Un long silence s'installa durant lequel Hermione continua à retourner les tiroirs qui se trouvaient sur son chemin.

-Oui, on l'a remarqué. Tu ne veux pas partager avec moi ce qui te pèse sur la conscience? Fini par soupirer sa mère en attrapant la main de sa fille qui se dirigeait vers le café.

-N'ose même pas penser que je vais te laisser prendre une tasse. Tu es déjà toute excité et tu détestes le café. Pose toi avec moi pendant quelques minutes.
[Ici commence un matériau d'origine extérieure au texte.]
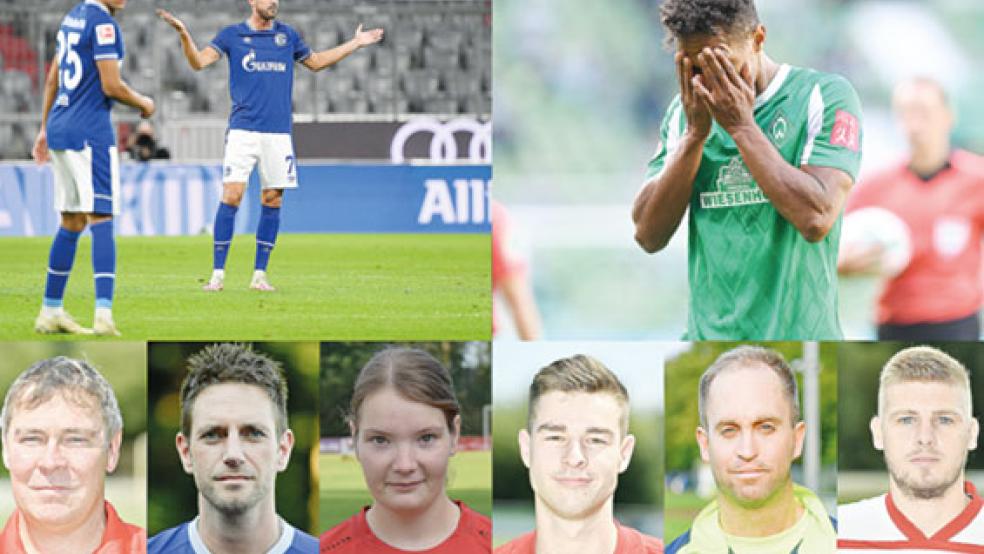 Die Spieler von Schalke und Werder sind derzeit oft ratlos und frustriert angesichts ihrer Ergebnisse. Ralph Schmidt (von links), Ingo Groen und Annika Hüncke hoffen auf Besserung beim S04, Joost Dirksen, Michael Zuidema und Nils van Loh auf eine steigende Formkurve bei den Bremern. © Collage: dpa (2)/Bruins (5)/Hilbrands (1)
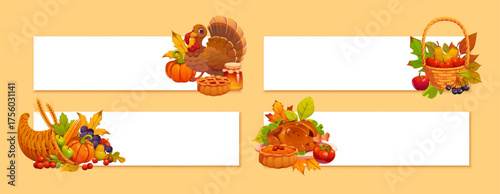 Thanksgiving Day holiday vector banners framed by autumn leaves, cornucopia, roasted turkey, grape, corn and honey jar, Thanksgiving dinner pumpkin pie and harvest fruit basket, autumn holiday themes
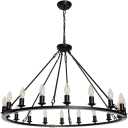 Goozegg 36 inch Wagon Wheel Chandelier 18 Lights Modern Farmhouse Ceiling Light Fixtures for Dining Room Living Room Hallway Entryway Foyer, Black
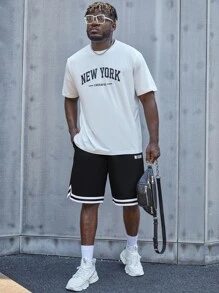 Manfinity Homme Men Plus Letter  Graphic Striped Trim Shorts - Black - View 6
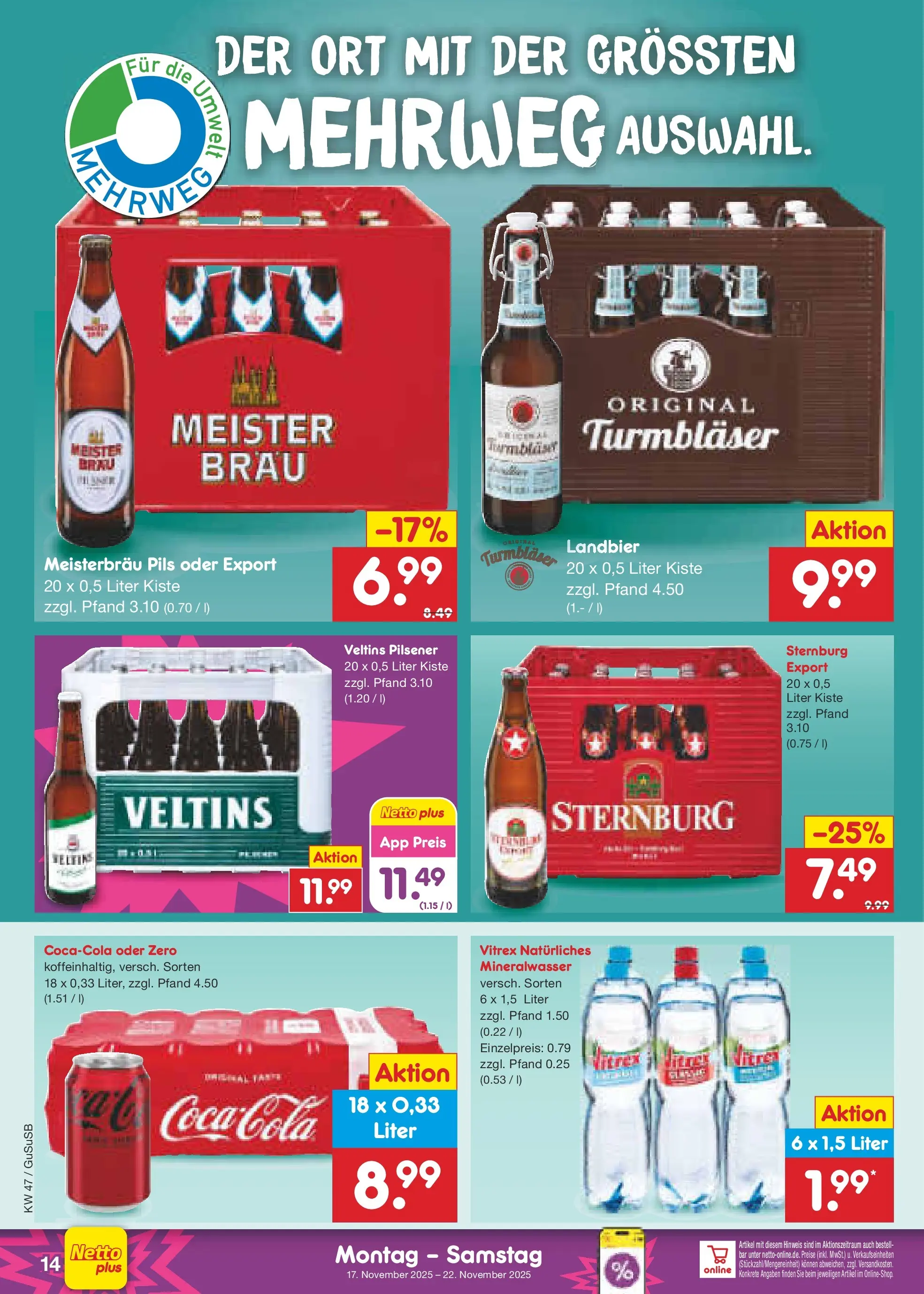 Netto Marken-Discount prospekt Rodewisch	 (ab 16.11.2025) » Angebote | Seite: 14 | Produkte: Pils, Mineralwasser, Veltins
Hermione sentit le goût amer des remords, mentir et cacher à ses parents étaient deux actes qu'elle ne se sentait pas capable de réaliser. Elle les aimait et eux de même. Ils respectaient les choix qu'elle faisait peu importe les conséquences et s'ils interféraient, malgré tout, elle avait toujours le dernier mot.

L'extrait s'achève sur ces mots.